Arthur practically choked.

“I beg your pardon?” he spluttered.

“Slartibartfast,” repeated the old man quietly.

“Slartibartfast?”

The old man looked at him gravely.

“I said it wasn’t important,” he said.

The aircar sailed through the night.

Chapter 23

It is an important and popular fact that things are not always what they seem. For instance, on the planet Earth, man had always assumed that he was more intelligent than dolphins because he had achieved so much—the wheel, New York, wars and so on—whilst all the dolphins had ever done was muck about in the water having a good time. But conversely, the dolphins had always believed that they were far more intelligent than man—for precisely the same reasons.

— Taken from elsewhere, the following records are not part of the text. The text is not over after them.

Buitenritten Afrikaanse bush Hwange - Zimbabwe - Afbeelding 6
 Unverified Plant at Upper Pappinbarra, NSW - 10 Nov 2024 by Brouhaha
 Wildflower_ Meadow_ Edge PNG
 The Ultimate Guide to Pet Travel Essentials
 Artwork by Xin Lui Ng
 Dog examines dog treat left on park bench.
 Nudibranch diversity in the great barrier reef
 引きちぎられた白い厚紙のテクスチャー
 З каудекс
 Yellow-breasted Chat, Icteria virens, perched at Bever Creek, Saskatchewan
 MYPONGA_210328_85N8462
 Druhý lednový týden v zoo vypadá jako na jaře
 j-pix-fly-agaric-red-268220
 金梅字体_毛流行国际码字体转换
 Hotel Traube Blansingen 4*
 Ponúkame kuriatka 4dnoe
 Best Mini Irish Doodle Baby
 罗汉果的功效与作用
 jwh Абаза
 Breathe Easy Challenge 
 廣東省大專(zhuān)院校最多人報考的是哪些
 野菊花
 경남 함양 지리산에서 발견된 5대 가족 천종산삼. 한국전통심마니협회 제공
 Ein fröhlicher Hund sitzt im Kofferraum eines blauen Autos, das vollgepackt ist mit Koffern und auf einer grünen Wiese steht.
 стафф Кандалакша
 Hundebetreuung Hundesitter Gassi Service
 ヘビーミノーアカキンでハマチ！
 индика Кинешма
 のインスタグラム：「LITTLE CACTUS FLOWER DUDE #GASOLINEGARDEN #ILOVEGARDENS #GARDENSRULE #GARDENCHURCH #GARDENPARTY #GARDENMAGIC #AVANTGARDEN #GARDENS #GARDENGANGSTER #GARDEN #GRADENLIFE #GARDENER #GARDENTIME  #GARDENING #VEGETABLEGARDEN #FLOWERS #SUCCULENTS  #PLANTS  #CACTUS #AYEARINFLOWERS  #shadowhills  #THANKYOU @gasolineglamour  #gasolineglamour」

Curiously enough, the dolphins had long known of the impending destruction of the planet Earth and had made many attempts to alert mankind of the danger; but most of their communications were misinterpreted as amusing attempts to punch footballs or whistle for tidbits, so they eventually gave up and left the Earth by their own means shortly before the Vogons arrived.

The last ever dolphin message was misinterpreted as a surprisingly sophisticated attempt to do a double- backwards-somersault through a hoop whilst whistling the “Star Sprangled Banner”, but in fact the message was this: So long and thanks for all the fish.

In fact there was only one species on the planet more intelligent than dolphins, and they spent a lot of their time in behavioural research laboratories running round inside wheels and conducting frighteningly elegant and subtle experiments on man. The fact that once again man completely misinterpreted this relationship was entirely according to these creatures’ plans.